Hal ini karena dalam klaster dikenal zonasi, posisi tengkulak merupakan representasi Zona 2 setelah pembudidaya di Zona 1, sehingga posisi tengkulak tidak masalah karena titik ini akan menjadi mata rantai berjalannya bisnis rumput laut. Hanya saja pemerintah perlu mengadvokasi agar kemitraannya berjalan baik. Peran tengkulak seperti di beberapa daerah pengembangan bukan hanya mensupport permodalan tapi juga berperan dalam menjaga kestabilan harga, kualitas produksi, pergudangan sehingga jalannya siklus terjaga karena sama-sama diuntungkan.


Posisi strategis tengkulak dalam rantai distribusi pasar perlu diberdayakan melalui peran pembinaan secara berkelanjutan khususnya dalam rangka menjamin akses pasar dan kualitas hasil produksi, yang saat ini masih menjadi permasalahan utama pada aquabisnis rumput laut di Indonesia. Sehingga peran tengkulak tidak hanya mencari quota produksi sebanyak-banyakknya namun harus bertanggungjawab terhadap jaminan mutu produk DES (dried eucheuma seaweed) yang dihasilkan.


Perlu penguatan kelembagaan dan membangun pola kemitraan yang kuat
Permasalahan siklus pasar bisnis rumput laut pada sentra-sentra produksi disebabkan karena lemahnya peran pembinaan pemerintah daerah dalam membangun kelembagaan kelompok yang kuat dan peran advokasi untuk membangun pola kemitraan yang kuat, legal dan berkelanjutan.


Kuatnya kelembagaan kelompok serta terbangunnya pola kemitraan yang kuat akan menumbuhkan kesadaran dan tanggungjawab serta kultur bisnis yang positif antara pelaku utama (pembudidaya) dan pelaku usaha (industri) akan perlunya keseimbangan dalam menata siklus bisnis demi keberlanjutan usaha.
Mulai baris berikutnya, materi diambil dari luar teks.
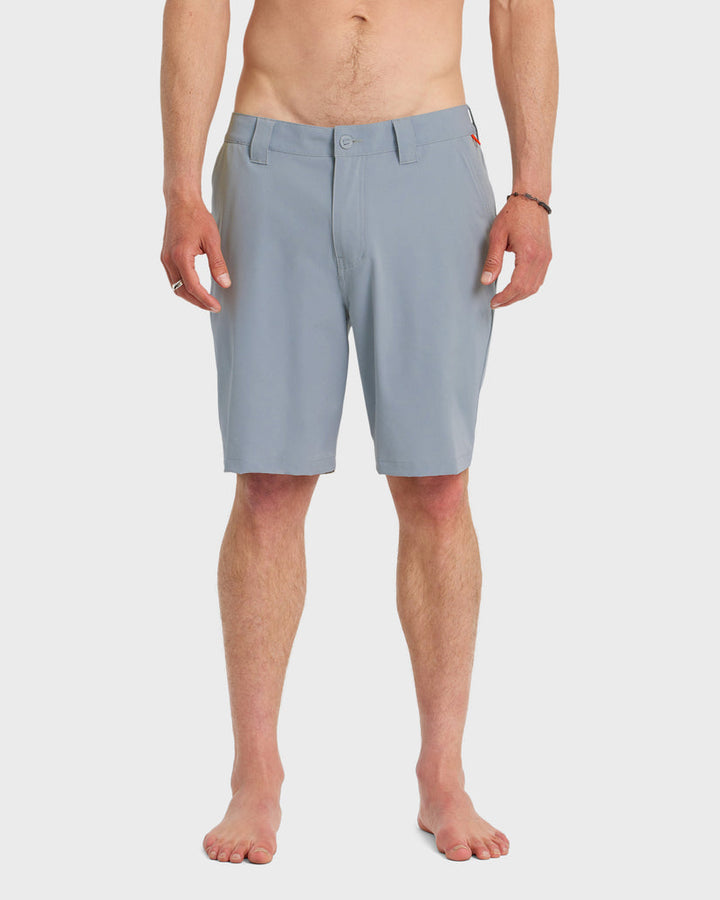 Quiksilver Union Amphibian 20" Hybrid Shorts - Smoke Grey - Sun Diego Boardshop
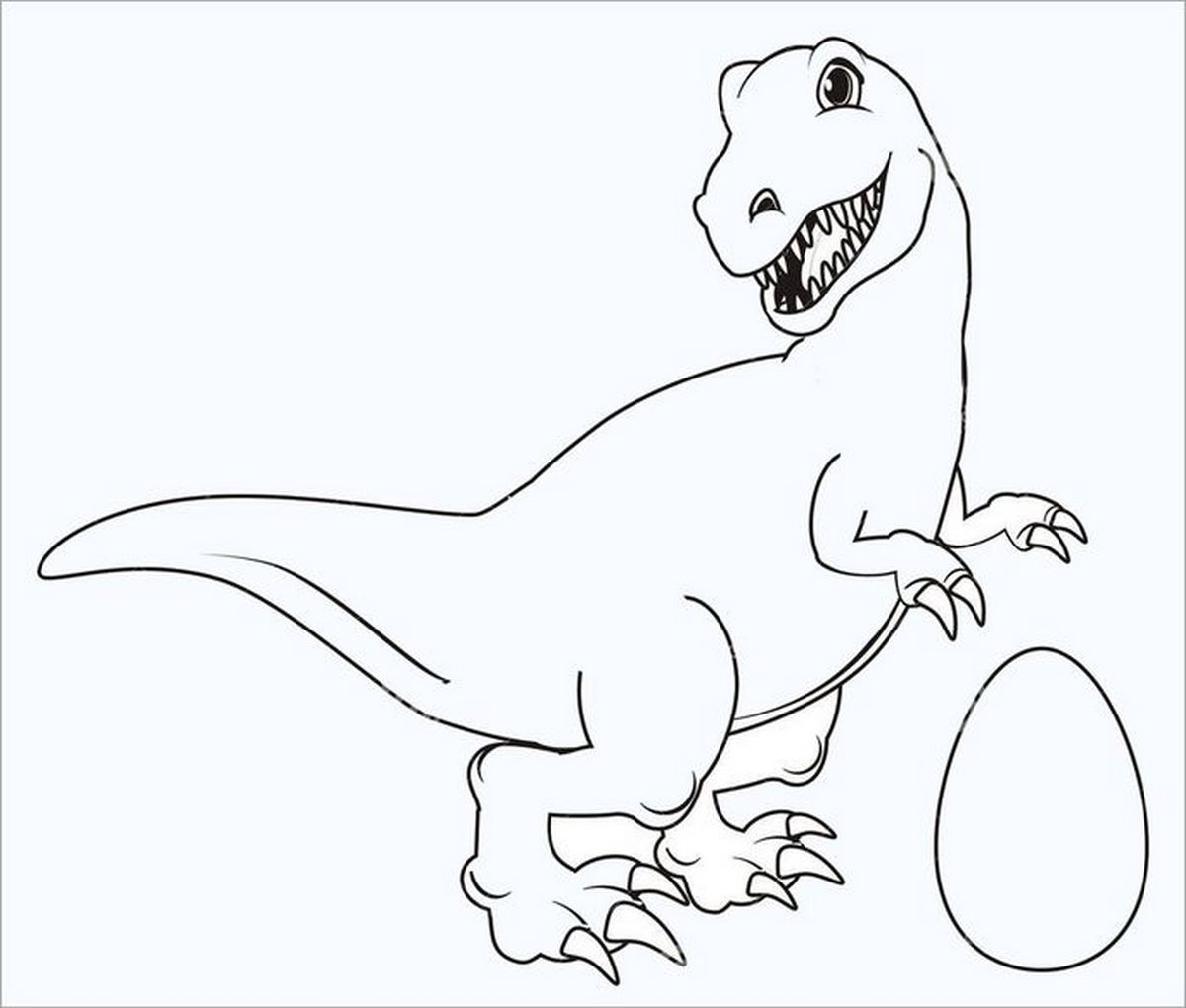 Tranh tô màu khủng long số 34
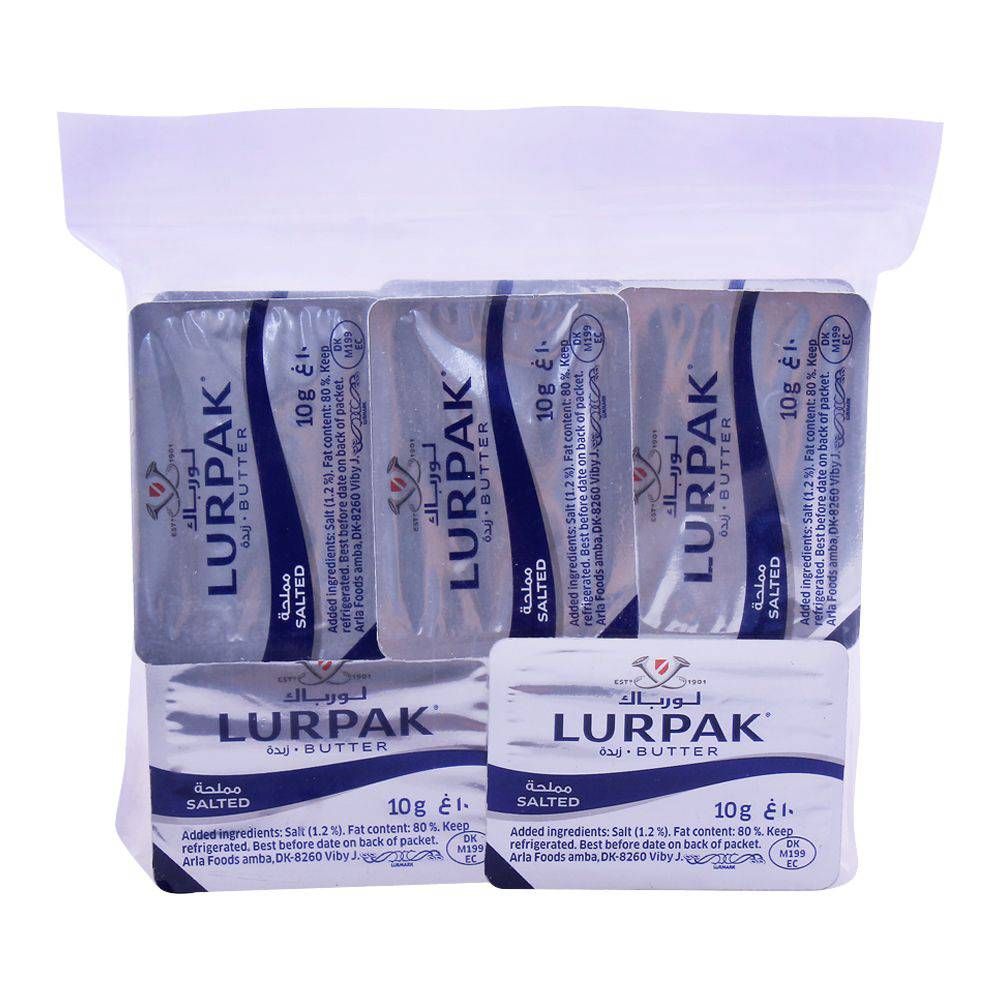 Lurpak Minis Salted Butter Pouch 10-Pack - Main Image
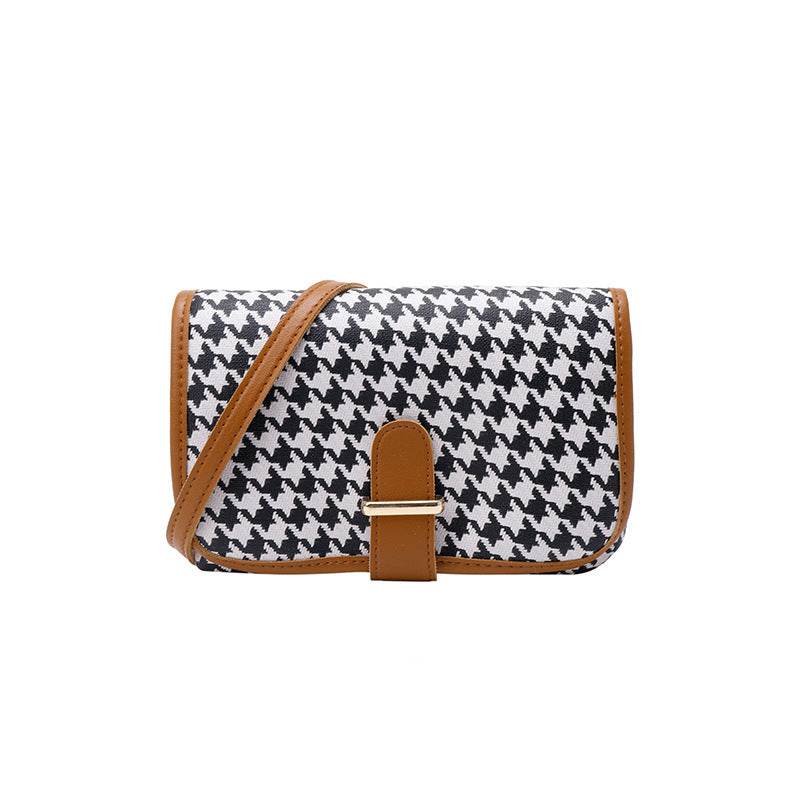 Women's Fashion Plaid Shoulder Messenger Bag - MYLUXURY LANE ENTERPRISE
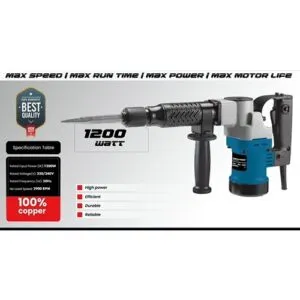Grate Power 1200W Demolition Hammer 5Kg Gpdh0810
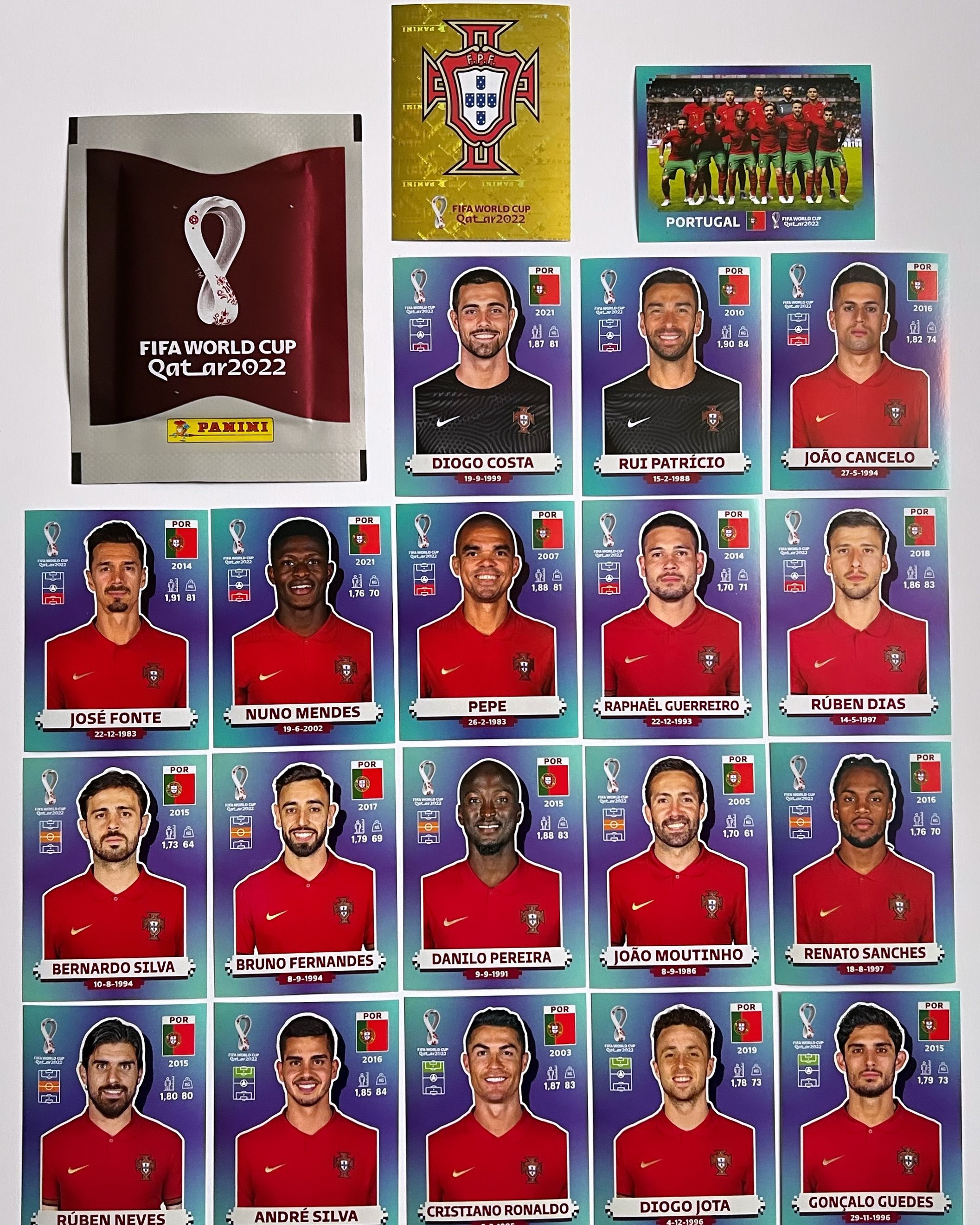 Panini FIFA World Cup 2022 Qatar команда Португалия + пакетик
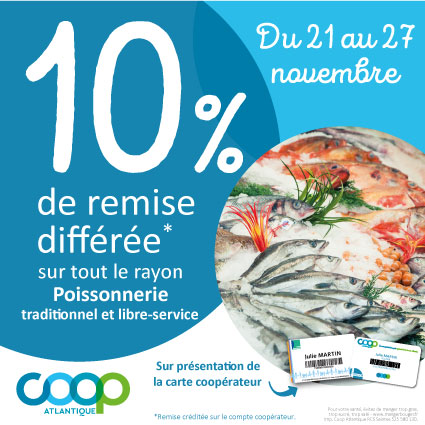 Offre coopérateurs novembre 2022 - poissonnerie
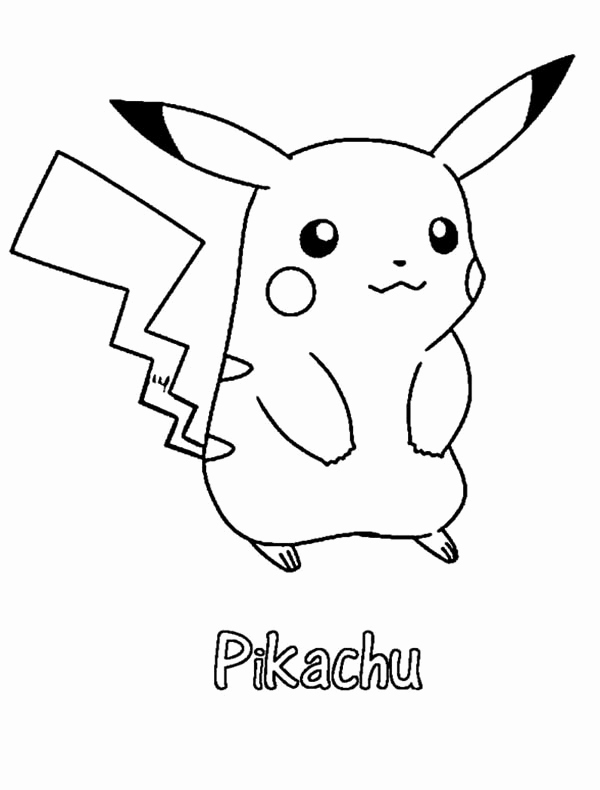 Cute Pikachu Coloring Pages Art Printable 134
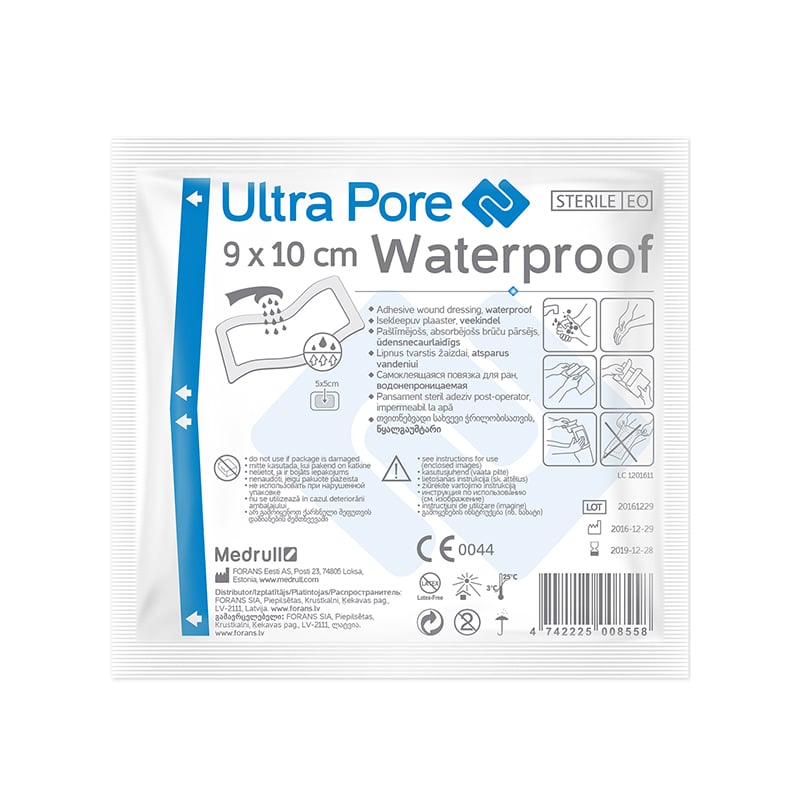 MEDRULL Ultra Pore ūdenizt.pašl.ster.pārs.9x10cm N1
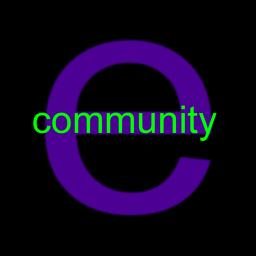 Purple e Community Server Discord Server Logo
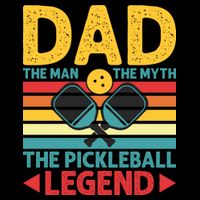 Dad The Man The Myth The Pickleball Legend Cropped Pullover Crew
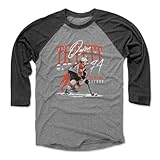 500 LEVEL Owen Tippett 3/4 Sleeve T-Shirt - Owen Tippett Philadelphia Player Name WHT (Black/Heather Gray, X-Large)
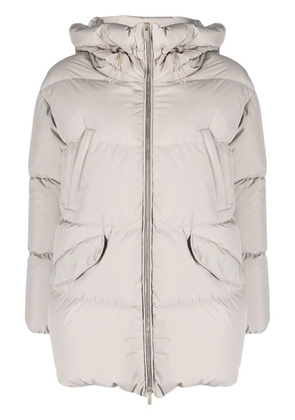 Moorer Tepa padded coat - Neutrals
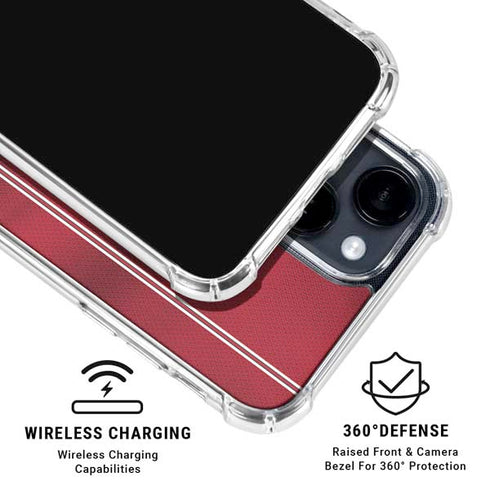 NBA Chicago Bulls Jersey iPhone 14 Plus Clear Case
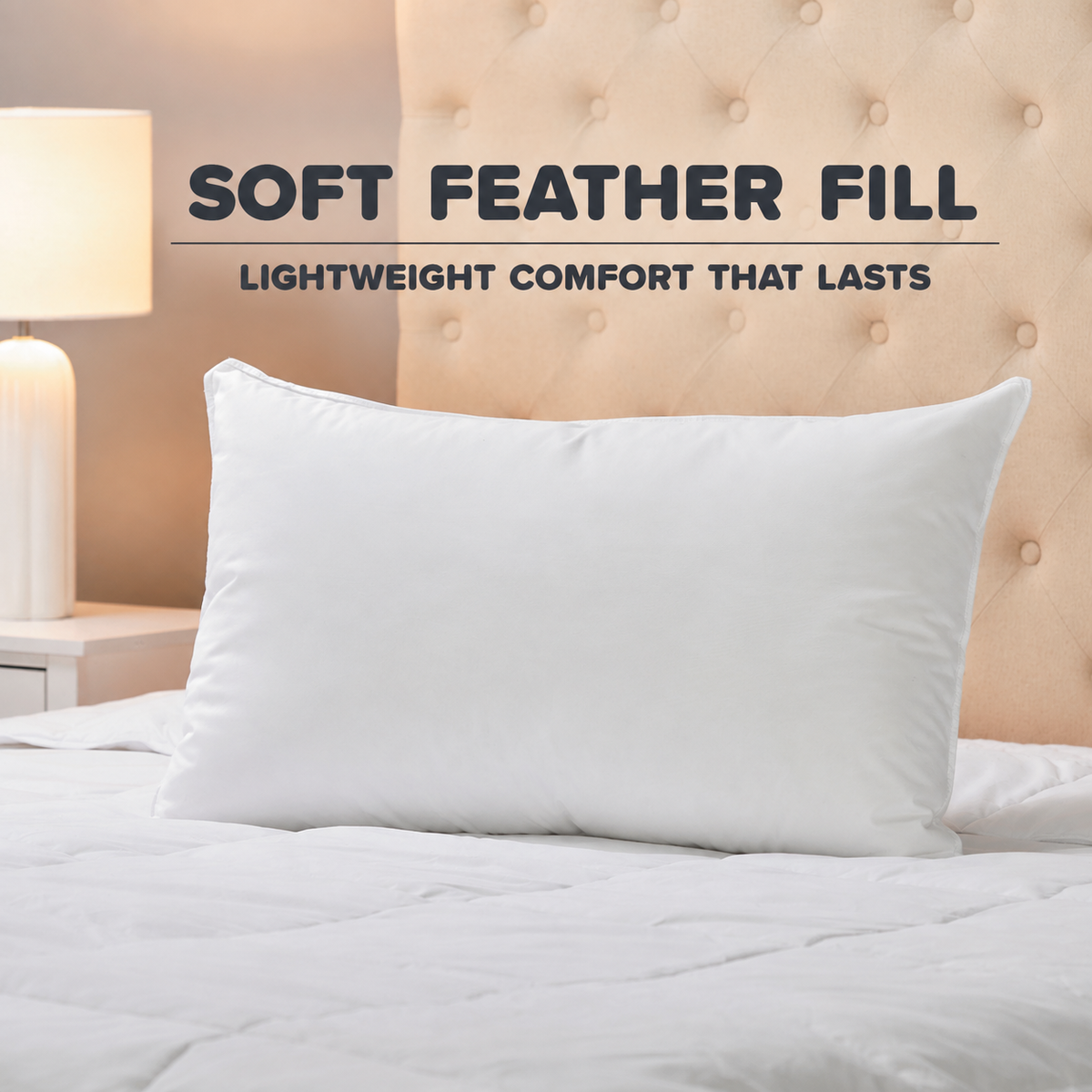 Good Night Soft Feather Pillow – Medium Support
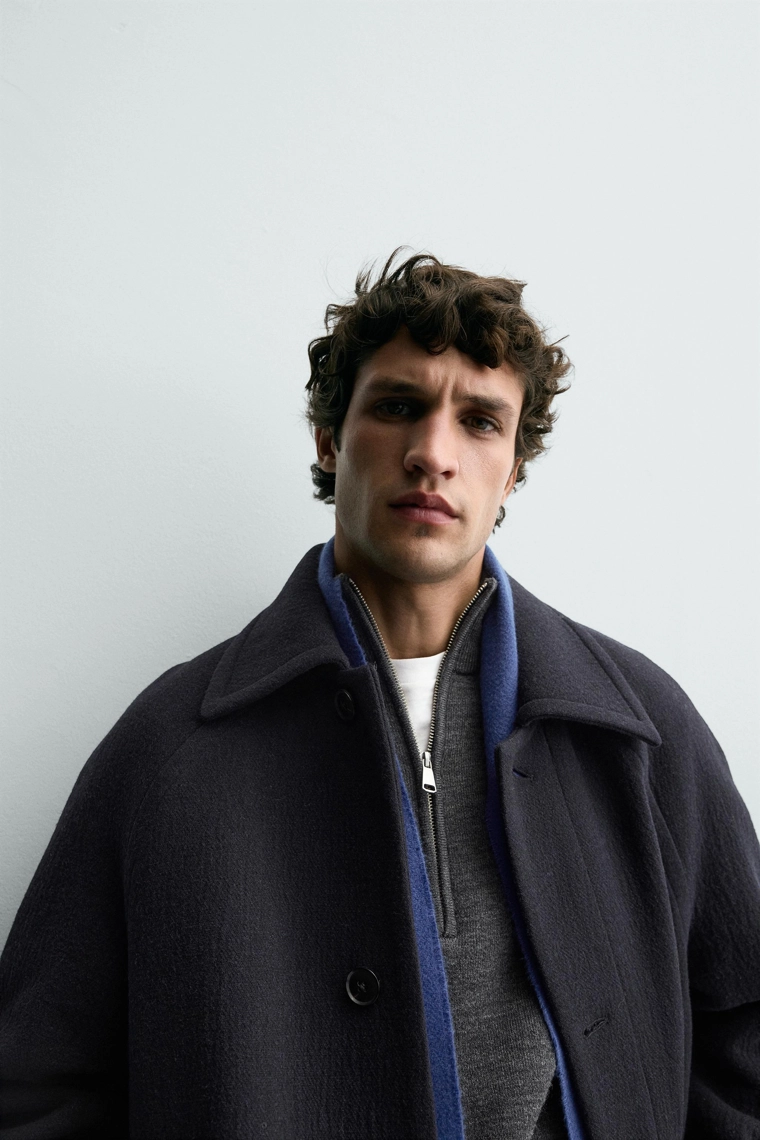 ПАЛЬТО ИЗ СТРУКТУРНОЙ ШЕРСТИ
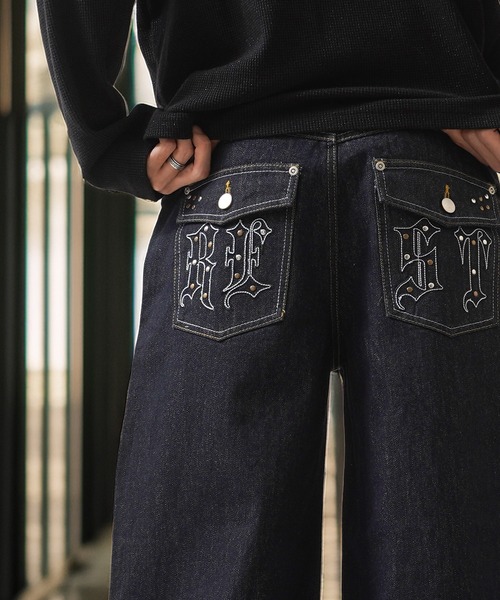 ジーンズ 13oz リベット使い リジッドデニム / Rivet-Detailed Rigid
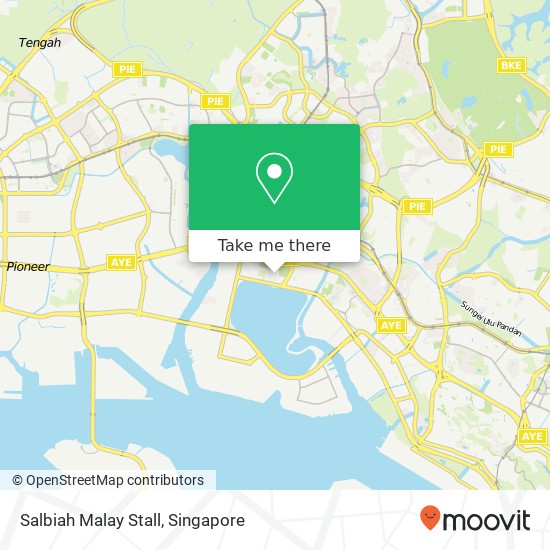 Salbiah Malay Stall map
Pembudidaya memerlukan jaminan pasar, penyerapan produksi dan stabilitas harga, disisi lain pihak trader/eksportir/industri membutuhkan jaminan kualitas produk dan kontiyuitas.


Peran kontrol pada semua tahapan produksi mutlak harus dilakukan baik oleh pemerintah daerah melalui peran penyuluhan, pengepul maupun pihak mitra usaha dengan menurunkan langsung field advisor yang berperan dalam quality control proses budidaya, pengelolaan pasca panen maupun pergudangan di lokasi budidaya. Jika kondisi tersebut telah terbangun dengan baik, maka upaya pemerintah pusat untuk membangun industri pengolah nasional di sentra-sentra produksi tidak akan mengalami permasalahan yang berarti.


Perlunya Membangun sinergitas
Perlu diakui bahwa terhambatnya siklus bisnis rumput laut karena mata rantai produksi maupun pasar yang tidak berjalan semestinya bahkan terputus pada tahapan tertentu (tidak ada keberlanjutan). Salah satu penyebabnya karena belum terbangun persamaan persepsi, komitmen, tanggungjawab dan kerjasama sinergis diantara stakeholder yang terlibat dalam usaha pe-rumputlaut-an di Indonesia mulai dari pemerintah pusat dan daerah, pelaku utama, pelaku usaha, lembaga/instansi teknis serta lembaga keuangan.

Fenomena yang terjadi seringkali masih muncul “ego-sektoral” sehingga implementasi kebijakan dari pemerintah pusat tidak didukung secara penuh, inilah yang mengakibatkan siklus usaha selalu berhenti dalam suatu tahapan tertentu.


Jika kata “Sinergitas” diimplementasikan secara nyata oleh seluruh stake holder, maka sangat optimis Indonesia akan menjadi sentral produksi rumput laut terbesar bukan hanya dari sisi kapasitas produksi melainkan didukung oleh jaminan mutu hasi produk yang berdaya saing tinggi.


Melalui tulisan ini kami berharap, mari bersama-sama mendukung kebijakan pemerintah pusat (Kementerian Kelautan dan Perikanan) dalam mewujudkan visi untuk menjadikan Indonesia menjadi produsen perikanan terbersar dunia demi kesejateraan masyarakat dan kebangkitan ekonomi nasional.